AWK for a beginner

I am going to learn AWK for Pattern search (extracting strings ) related activities. I think that is what AWK is used for anyway.
What book/similair resource would you suggest for a beginner ?

I'd start with a running system, man pages and internet free tutorials. The regular expressions part of awk is a nested item to master on its own.

  • awk is good for lines of fields with regular expression matching that can stimulate storage and printing of values.
  • bash/ksh can do similar field activities, but awk has more of a field orientation and has advanced options that make it easier to process flows of data.
  • sed is more focused on strings and can consider multiple lines, but the state is where in the script is executing and what is in the pattern space buffers. Much of the syntax and regular expression matching is ex/vi/perl/awk/grep/emacs compatible.

The funny thing about awk is that it comes with its own built-in while loop.

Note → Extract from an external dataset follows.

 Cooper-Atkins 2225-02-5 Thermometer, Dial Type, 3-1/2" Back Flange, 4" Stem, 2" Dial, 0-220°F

A program that looks like this:

awk '/regex/ { print $1 }' filename

Works like this pseudocode:

FS=" "; // Field separator
RS="\n";  // Record separator
NR=1; // Total number of lines read

for(FNR=1; !end_of_file("filename");  FNR++, NR++)
{
        $0=read_line("filename", RS); # Read until next RS character
        tokens[]=split($0, FS); # Split "a b c" into "a", "b", "c"

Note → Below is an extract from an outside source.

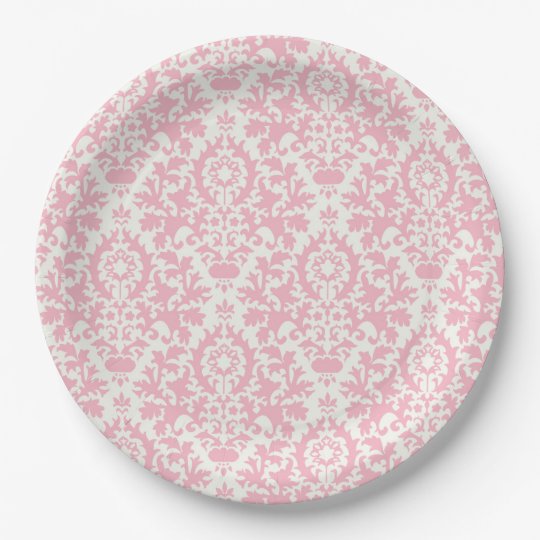 Pretty Pink Damask Custom Paper Plates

        if(match(/regex/, $0)) print(tokens[1]);
}

FS and RS are special variables in awk which you can use to change what awk thinks columns and newlines are.

NR and FNR are special variables which count the total number of lines, and the line number in the current file respectively.

The read loop is intrinsic in sed, too, but you can make your own loop reading with 'N', and the = operator is a weak line counter (only prints, so you need a sed after to marry the two line set).

Only the shells need something like "while read ... do ... done <file" and I fear there might not be any eof last line test while processing the last line. Shells can capture lines with 'line' and test that for eof before processing, but you have to read a line ahead to know EOF is waiting, so the loop gets pretty messy.

"sed & awk" by Dale Dougherty, printed by O'Reilly. A phantastic book, written with a good dose of humor, so it makes an educating as well as an entertaining read.

I thought i know sed until i got this book ~15 years ago and relearned it - this time for real.

I hope this helps.

bakunin